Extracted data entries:
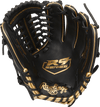 R9 Series 11.75-Inch Infield/Pitcher's Glove - Sports Excellence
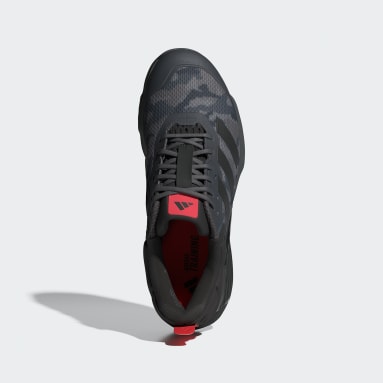 Overpronation Training Shoes adidas US
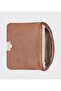 Mylah Basket Weave Convertible Crossbody Bag - 2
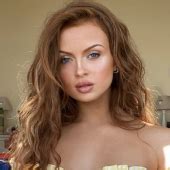 Maisie Smith Nude Pictures Onlyfans Leaks Playboy Photos Sex Scene Uncensored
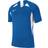 NIKE Legend S/S Jersey Men - Royal Blue/White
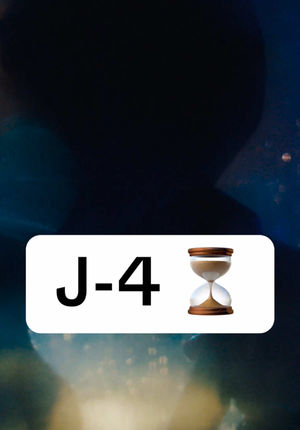 Video post by @canalplus on TikTok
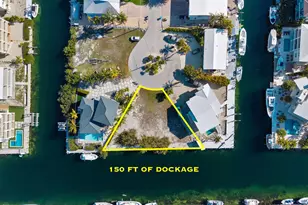 129 Porto Vista Ct, Islamorada, FL 33036 - Photo 1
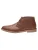 Next Chukka Boots  bruin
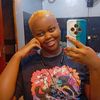 its_wanjiku2073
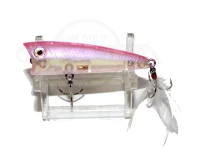  ハンクル K-0ポッパー 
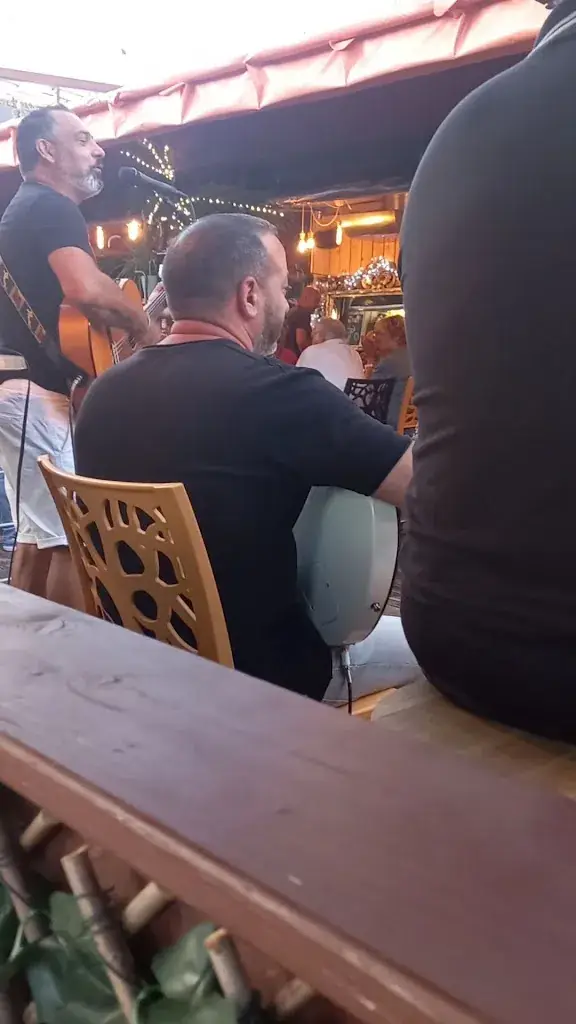 Restoro_Grau-du-Roi_slider_image_2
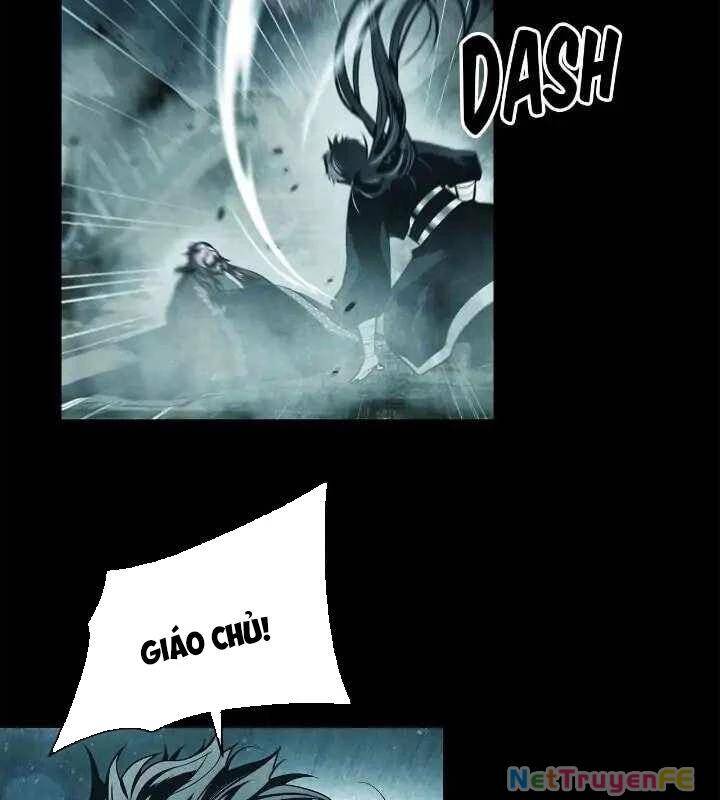 Bất Bại Chân Ma - Chapter 194 - Page 98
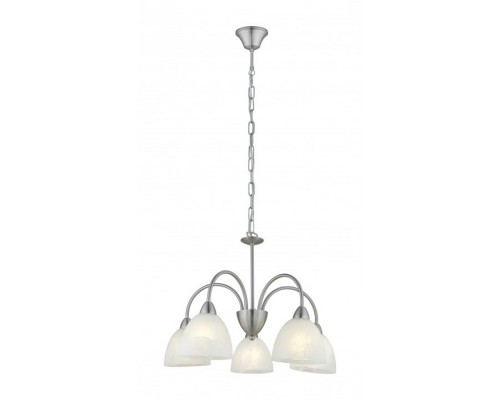 Подвесная люстра Dionis 89891 Eglo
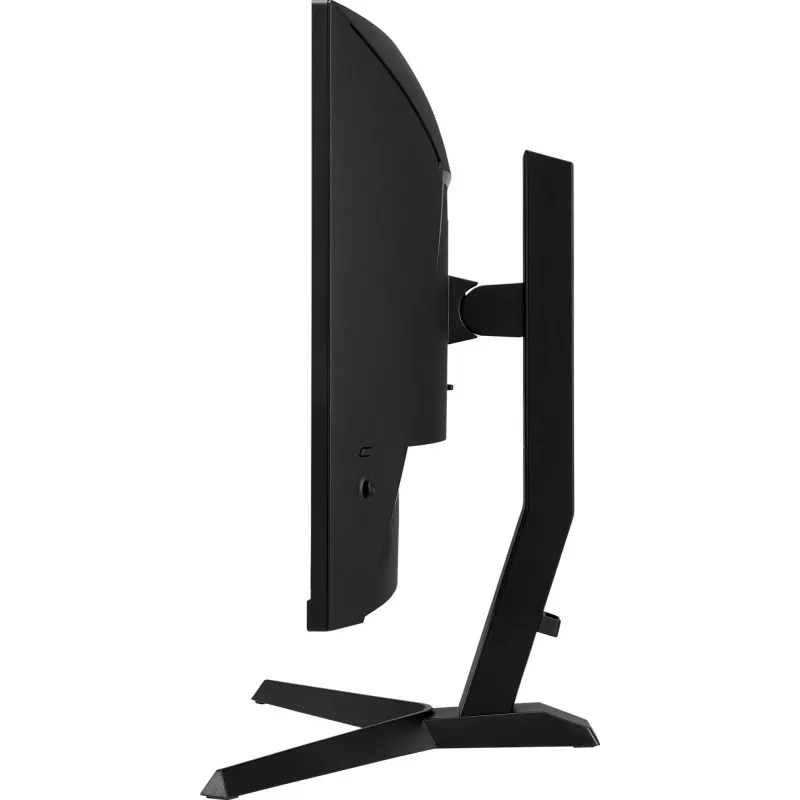 iiyama G-MASTER GB2766HSU-B1 Computer Monitor 68,6 cm (27 Zoll) 1920 x 1080 Pixel Full HD LED Schwarz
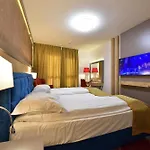 ART Hotel Rotterdam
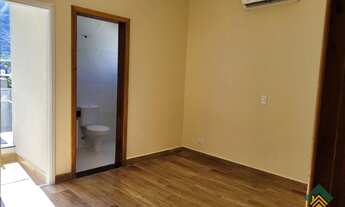 Imagem 7: Casa com 3 quartos, 200m², à venda em Bertioga, Morada da Praia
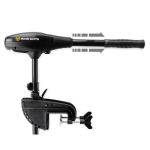 Lodný elektromotor MinnKota Endura Max
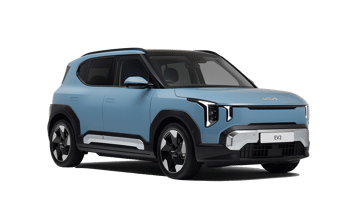 kia-ev2-air-uitvoering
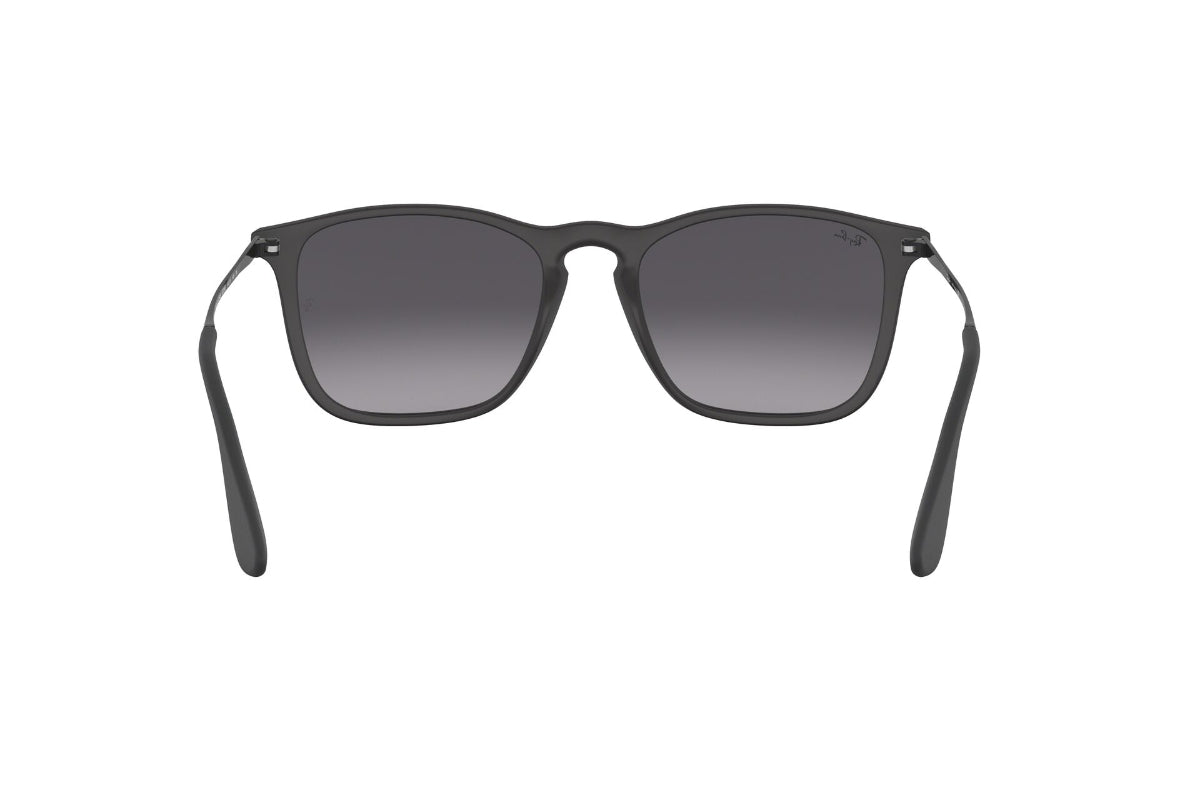 Lentes de Sol Chris Rubber Ray-Ban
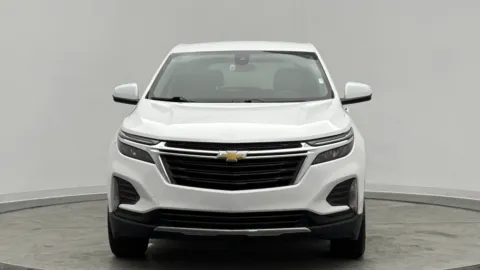 Photos of 2022 Chevrolet Equinox LT for sale in Jacksonville, FL at Auto Boutique Florida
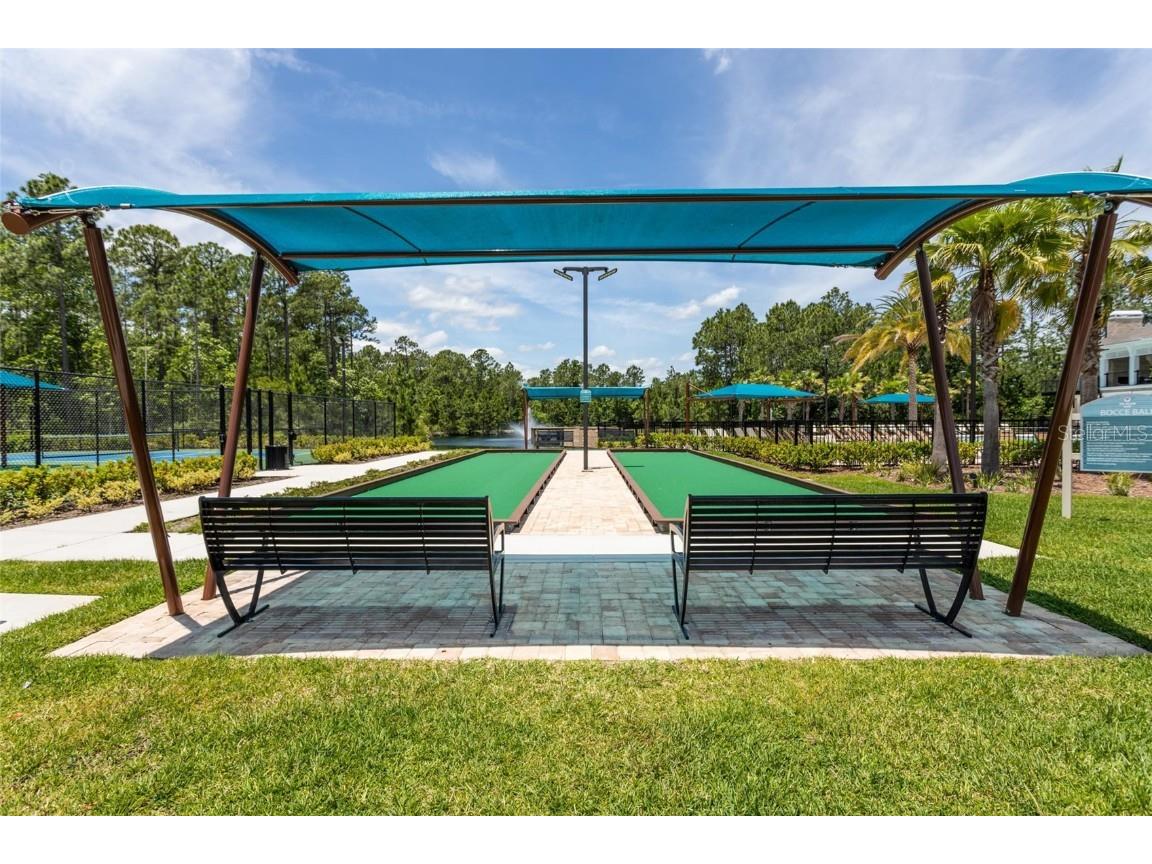 45 Lob Wedge Lane Bunnell FL 32110 FC308053 image37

WORK TO BE COMPLETED: Please copy the lines exactly, beginning at the one containing "Mylah Basket Weave" and ending at the last line of the records above, both included, with the pictures left out.

RESULT FOR THIS EXERCISE:
 Mylah Basket Weave Convertible Crossbody Bag - 2
 Maisie Smith Nude Pictures Onlyfans Leaks Playboy Photos Sex Scene Uncensored
 NIKE Legend S/S Jersey Men - Royal Blue/White
 Video post by @canalplus on TikTok
 129 Porto Vista Ct, Islamorada, FL 33036 - Photo 1
 Next Chukka Boots  bruin
 its_wanjiku2073
  ハンクル K-0ポッパー 
 Restoro_Grau-du-Roi_slider_image_2
 Bất Bại Chân Ma - Chapter 194 - Page 98
 Подвесная люстра Dionis 89891 Eglo
 iiyama G-MASTER GB2766HSU-B1 Computer Monitor 68,6 cm (27 Zoll) 1920 x 1080 Pixel Full HD LED Schwarz
 ART Hotel Rotterdam
 Imagem 7: Casa com 3 quartos, 200m², à venda em Bertioga, Morada da Praia
 Lodný elektromotor MinnKota Endura Max
 kia-ev2-air-uitvoering
 Lentes de Sol Chris Rubber Ray-Ban
 Photos of 2022 Chevrolet Equinox LT for sale in Jacksonville, FL at Auto Boutique Florida
 45 Lob Wedge Lane Bunnell FL 32110 FC308053 image37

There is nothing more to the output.